Lucas Duda now faces an important season in his career. Looking back at players with similar skill sets, perhaps we can learn what his chances for success are.

Andrew Burton

Lucas Duda looks like he'll be the starting left fielder this year. After all the promise of 2011, the pain of 2012 might make that seem like a less-than-adequate solution for some. Certainly it seems like his terrible outfield defense will always sap his value -- despite being 13% better than league average with the stick, the Dude has been below replacement so far overall. But if we focus on the stick, there must be hope.
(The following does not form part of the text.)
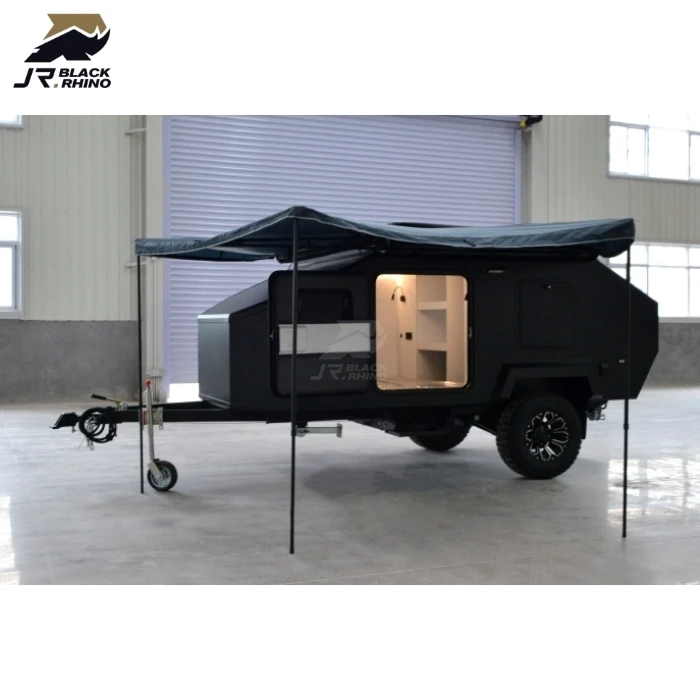 Mobile Rv Big Camping Folding Trailer Aluminium Camper Trailer For Sale Camper Trailer In Europe Rv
If we define the Oxen stick as generally as we can -- he's a corner outfielder without any speed and with a double-digit walk rate, a decent strikeout rate (16-24%) and above average power (.160-.200 ISO) that has put up over 800 plate appearances before he turned 27 -- then we can easily find a list of similar players since 1990. Good thing I did that to suss out Duda's fantasy chances just today. Let me steal a table from myself:

Name PA HR SB BB% K% ISO AVG OBP SLG wRC+ Fld
Jason Kubel 1285 43 8 8.2% 17.4% 0.177 0.268 0.326 0.445 102 -21.1
Logan Morrison 1146 36 3 11.0% 18.2% 0.192 0.25 0.339 0.442 112 -22.7
Lucas Duda 898 29 2 10.0% 22.2% 0.172 0.256 0.338 0.427 113 -36.3
Trot Nixon 981 27 12 11.9% 16.7% 0.188 0.274 0.361 0.462 108 22
Bobby Kielty 975 27 15 13.4% 18.8% 0.167 0.261 0.367 0.428 109 -7.3

Since Trot Nixon offered more value with his glove, Logan Morrison's story is unwritten, and Bobby Kielty didn't last very long, let's focus on Jason Kubel.

Kubel hit more home runs, walked less, and struck out less than Duda in his first few years, but he was also worth less with the stick overall. And he hit a home run in 3.3% of his plate appearances to Duda's 3.2%, so the home run difference is overstated. Neither has any speed, and neither is any good in the field. It's one of those comps that feels right.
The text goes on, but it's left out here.